The 50:50 Parenting Split

The 50:50 Parenting Split

Does 50:50 parenting work? (or how to be nicer to each other when you’re both up against everything)

I’d love to be able to say that I’ve finally got past that bit of parenting where every weekend is spent in a game of competitive one-upmanship with my husband as to who has done MORE. As in more childcare, more laundry/cooking/food shopping/ playing/ taking the bins out – are you still with me? But that would be a lie.

I say this too from the perspective of someone who found a partner who is very supportive of my independence, work and life choices, even when shouldering parental responsibilities or household chores impacts on his own work load or free time.

It’s tough: small children bring the greatest joy but also many, many sleepless nights (and I refer to the great internal dialogue as opposed to them waking up at 4am). In my head I like to think we both do 50:50 around the house, and while the labour divide is much better than in many marriages I know, it’s not by any means perfect. And for the record that swings both ways: I am just as guilty.

Still it never ceases to amaze me how many working mother friends -bright, educated, go-getting, non-doormat women married to smart, accomplished, understanding, reasonable men, still end up doing it all.

I used to think that it was down to one part guilt and two parts a desire to be in control at all times – ie never allowing their partner to do anything because it was always the “wrong” way, even if that meant constantly being on the verge of a nervous breakdown. And while that explains the dynamic of some couples I know, I increasingly see how most issues might be solved with better communication. The following is what I need to remember to do more of:

Telepathy is overrated:

Be vocal and say what you mean rather than assuming your partner will guess. Don’t play a game of “Is he going to notice that I need help?” Just ask. A word on the way you ask too: try and do this in a non-judgmental, non-moany way, (hard I know when you sometimes want to punch them but do your very best not to start out on the defensive). No one (truly) wants to be martyr mum (so dull!) or the “world’s busiest woman” and when I catch myself sounding like either, I shut the hell up.

Share all the school-min:

For the working mum, there is a heck of a lot of school-min. Do I really need to get into the list of cake sales/ school trips/ extra ballet rehearsals. I genuinely don’t think my husband realised how much school communication there was until I stuck him on the weekly bulletins. Even if he isn’t always around to help sort it out he is at least aware of what is happening. And when I’m away for work, it means he can pick up the pieces, rather than me nagging him to do so.

Learn to let go:

Respect that you both do things in your own way. No way is better. Honestly, it beats me why so many women actively look to fill their head with this sort of daily minutiae. Remember, most men will not lift a finger if women continue to be so controlling. Often it’s women, hard-wired to be perfectionists (so dull!) who are as much to blame.

You both need to feel responsible:

It’s a subtle mindshift but both parents need to feel responsible irrespective if they both work for largely inflexible employers. Rather than spending precious time blaming one another, think constructively of how tasks can be shared. I’m opening another can of worms up entirely here but a recent article in the Guardian about what one man wanted to say to his wife but didn’t feel he could offered a lot of food for thought for how we can all learn to communicate better.

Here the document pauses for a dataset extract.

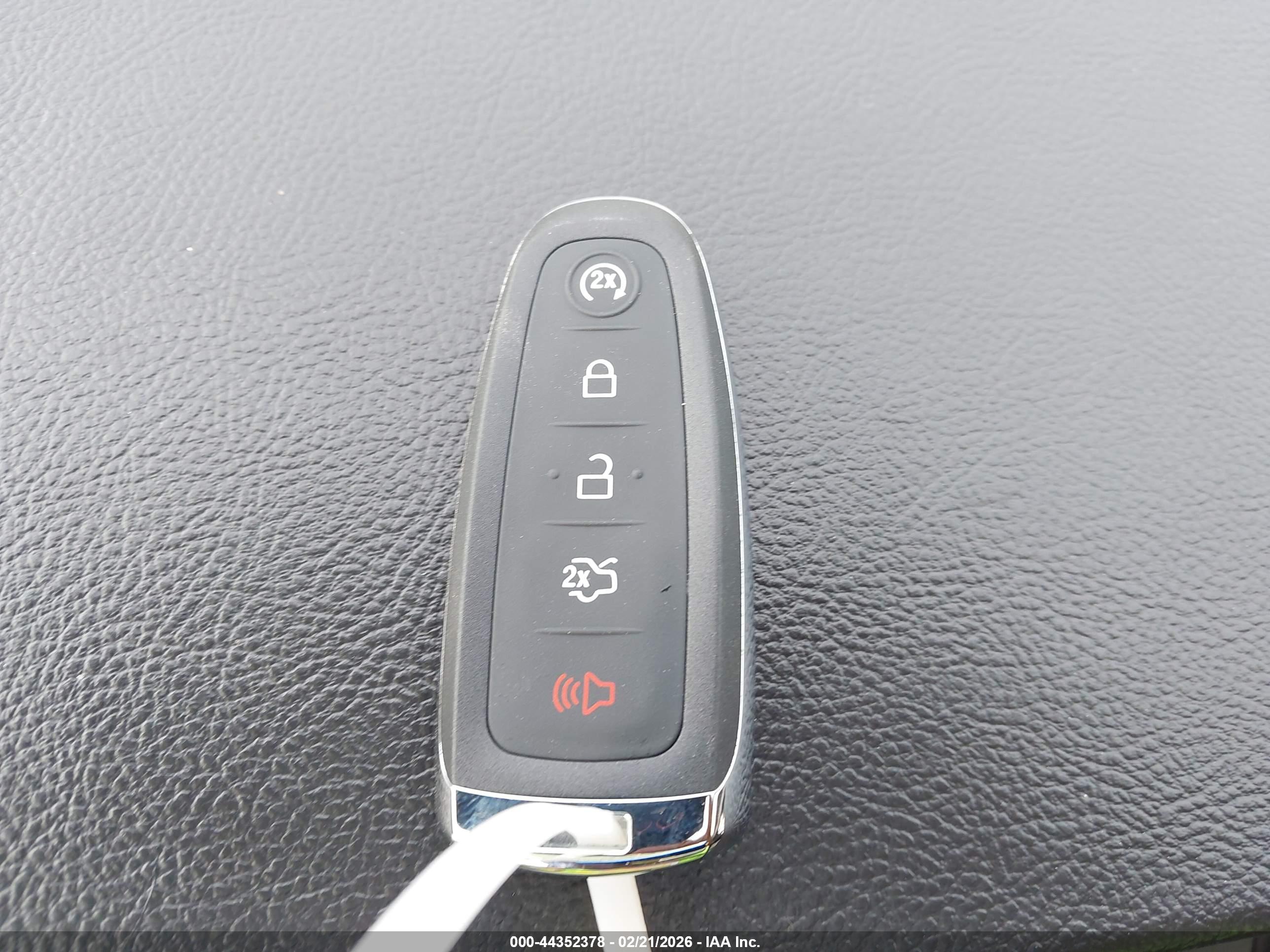 FORD TAURUS image 11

Be open minded and include your kids:

It’s never going to work to out 50:50 all of the time but it’s a way of looking at the world that suggests it’s normal that men need their children as much as women do, and that mothers need to work as much as men do. It’s fine to split the parenting work load 60:40 or 90:10, but not so long it throws either parent permanently off course.

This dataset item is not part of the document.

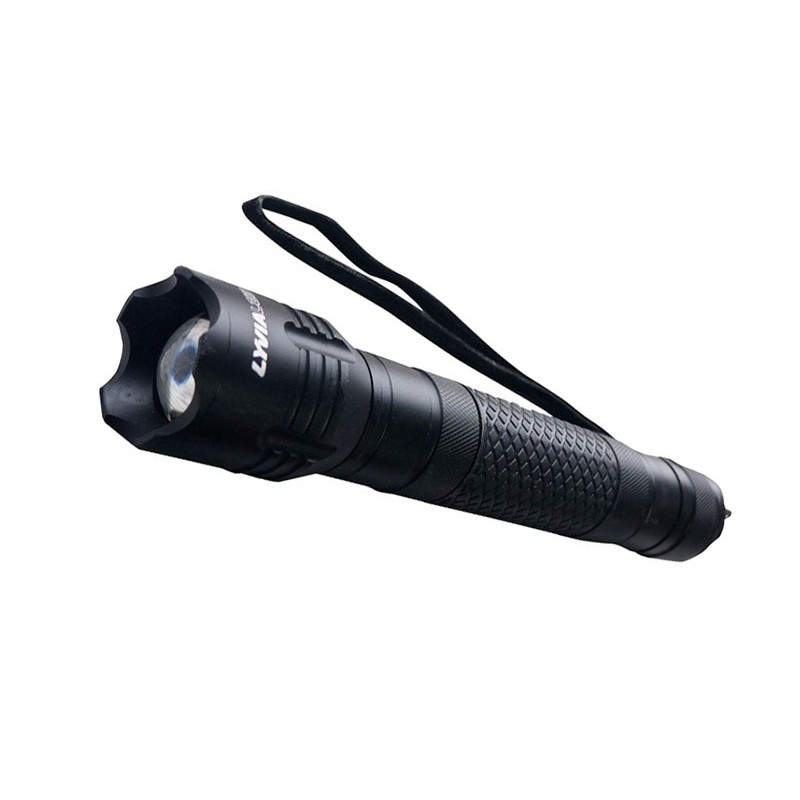Battery portable pocket torch in metal zoom 2xaa 200lm 65mt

I also think you owe it to your children to be honest. They need to understand what is required to look after them. And that the daily grind is not necessarily your idea of fun either. You are not their slaves. It will help them be more independent and more respectful of you too.

One mother I know decided she was not going to nag anyone but went out and bought a black board. On it she wrote all the things that needed doing each week. There was no judgment or expectation about who was going to do them but she found her husband was happy to pick things off the list and cross them off.

Be kind to each other:

It’s hard to remember sometimes in the thick of it but your family was born out of the love you have for each other. Well hopefully it is. Take the time to be nice to your partner. It’s so obvious and yet I think I fail this daily.

Leave your partner alone with your children often:

You’d never think, given the way that the majority of my friends talk about their husbands that they are with smart, educated, accomplished, understanding men. Sometimes I want to shout at them and say, “Really??? You married someone so stupid and incompetent that they can’t change a nappy or choose the right brand of formula, or look after their own children for a whole weekend? Men bashing is an impediment to your sanity so stop it this instant.

Think how long it took you to build up your confidence looking after a baby on your maternity leave. Most men never have that opportunity and they need to start somewhere. So book that weekend away and allow him to develop his own relationship with his children.

Remember, no leaving instructions or lists, or getting your mother-in-law on standby. What have you got to lose?